3) Troisièmement, « la gestion de la tension autour d'une course poursuite haletante. »


Dans ce quatrième tome, Graton nous livre une intrigue policière astucieuse où Michel Vaillant démontre, au-delà de son talent exceptionnel de pilote, qu'il est un homme responsable prêt à aider ceux dans le besoin. En plus de faire preuve de sa capacité à manœuvrer n'importe quel engin motorisé, il montre également son habileté à se défendre contre les malfrats en maîtrisant l'art du judo. L'intrigue est finement tissée autour d'une dimension psychologique dans son fond qui est explorée à travers le destin tourmenté d'Yves, qui, après la mort de son père, tente de se construire une vie grâce à de l'argent facile pour échapper à la misère. La première partie est intelligemment construite, prenant son temps pour poser de véritables enjeux et susciter de l'affection pour les personnages, tout en nous impliquant dans le récit en explorant les motivations et les enjeux. De plus, une dimension psychologique saisissante se dégage de la longue course poursuite nocturne sur les routes désertes du sud de la France. Cette direction surprend par la maturité de l'action, évitant de présenter Michel seul face à l'ennemi dans des poursuites rocambolesques, mais plutôt en le voyant agir dans le cadre de ses capacités, en collaboration avec la police, les routiers et la station "Route de nuit" pour traquer la tête du trafic d'armes en fuite après une tentative de capture avortée. Ce qui en découle est une chasse à l'homme captivante, superbement illustrée par les dessins de Graton qui parviennent à intensifier la tension à travers un jeu de couleurs saisissant, les phares perçant les ténèbres à grande vitesse. Nous sommes entraînés dans cette traque et nous nous laissons aisément emporter jusqu'à une conclusion des plus satisfaisantes.



CONCLUSION :



Michel Vaillant tome 4 : "Route de nuit", représente à l'époque un véritable défi pour Jean Graton. En décidant de s'éloigner de l'univers de la compétition automobile, il prend le risque de décevoir ses lecteurs. Mais, au lieu de cela, il crée un véritable hommage au métier de routier, tout en mettant en valeur la richesse de notre patrimoine français à travers la station radio Route de nuit.

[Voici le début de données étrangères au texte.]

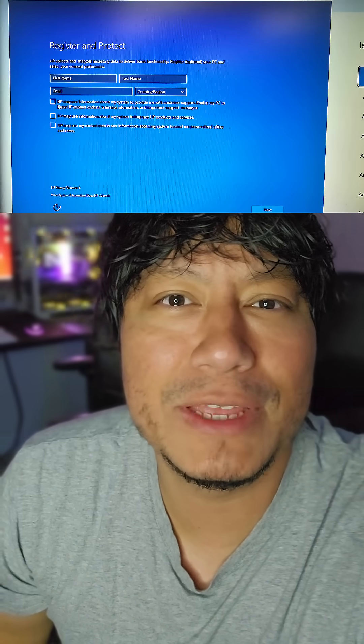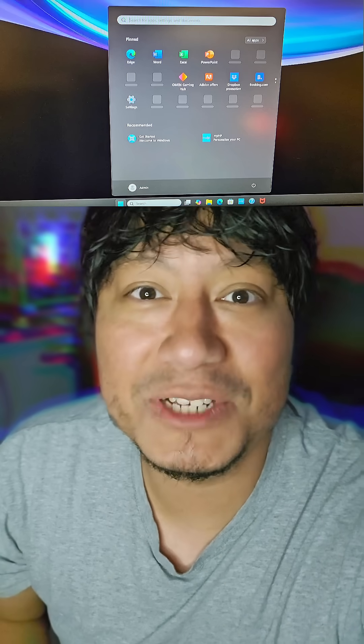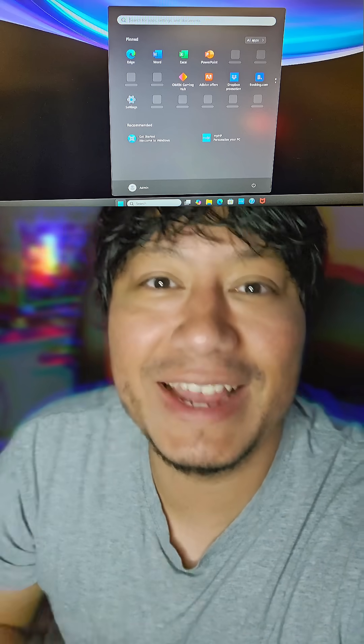The next window is usually asking if you want to give feedback to the company — I usually uncheck those. Then the next window will have a couple of settings for your Windows. Click Next and Next again, and you should be at the desktop, which means you just created a local user account without internet access or needing a Microsoft account.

Cette décision est soutenue par une intrigue policière soigneusement élaborée, aussi captivante dans son fond que dans sa forme. Cette audace se révèle payante et apporte un renouveau bienvenu aux aventures de Michel Vaillant alors que ce n'est encore à ce moment-là qu'une jeune série BD.


Une description du monde des routiers qui offre une lecture captivante, dépeignant un univers empreint de camaraderie, d'altruisme et de chaleur humaine, où l'intégrité est une vertu essentielle pour ces héros de la route.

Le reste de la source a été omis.